HOW TO COMPLETE THIS TASK:
Every line below from the one with "Barre en bois" through the one with "Frida Canvas Art Print - Monkey Art" is to be repeated exactly, with no picture among them.

--- INFORMATION ---

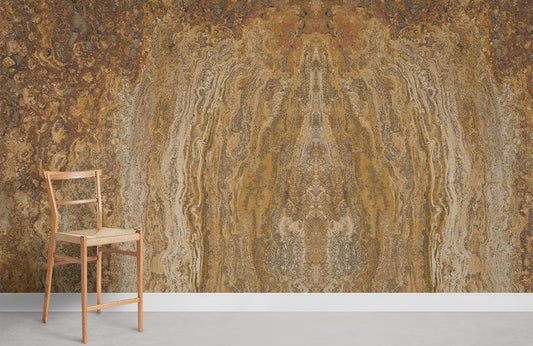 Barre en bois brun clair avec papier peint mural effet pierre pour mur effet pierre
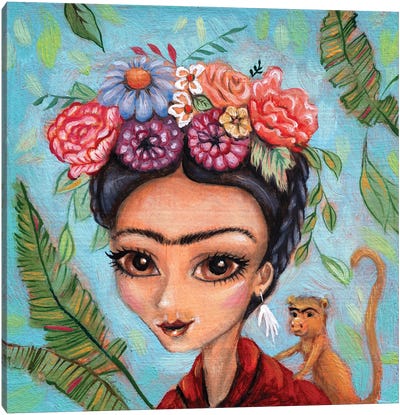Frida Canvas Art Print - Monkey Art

---
--- INFORMATION ---

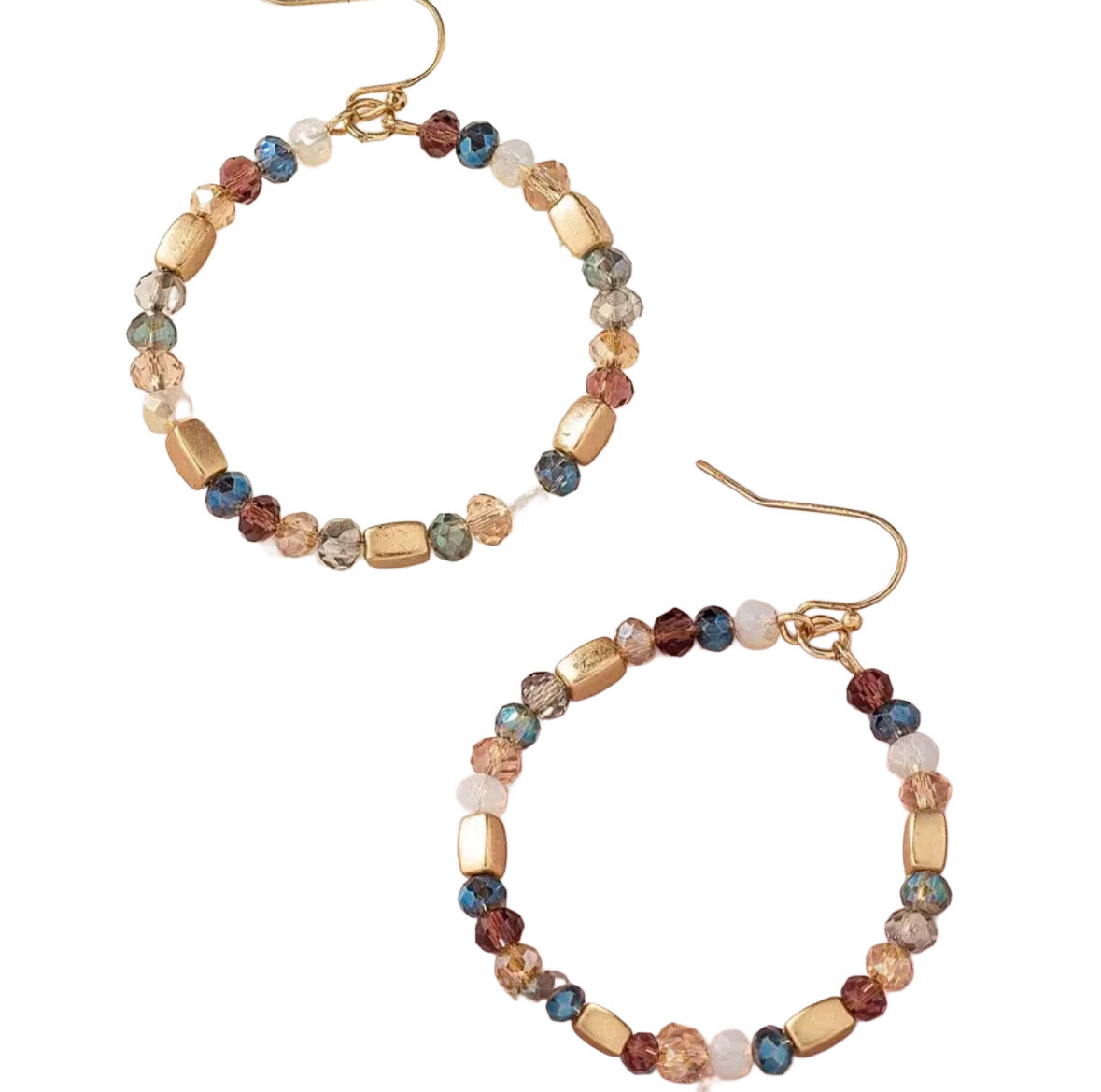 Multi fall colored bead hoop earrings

---
--- INFORMATION ---

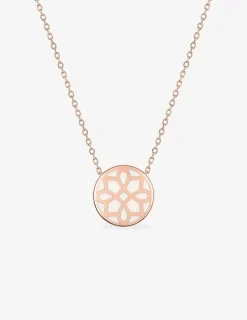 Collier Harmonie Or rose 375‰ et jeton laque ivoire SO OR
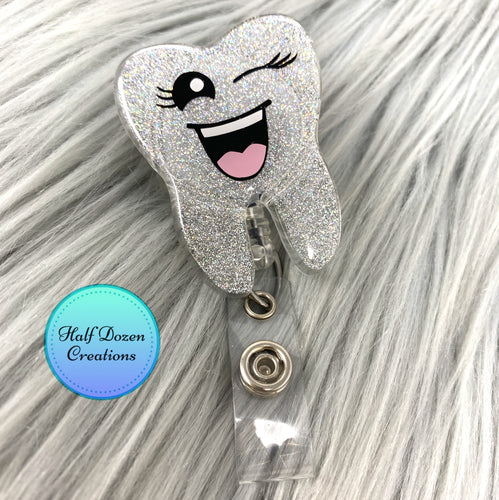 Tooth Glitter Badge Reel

---

TASK OUTPUT:
 Barre en bois brun clair avec papier peint mural effet pierre pour mur effet pierre
Frida Canvas Art Print - Monkey Art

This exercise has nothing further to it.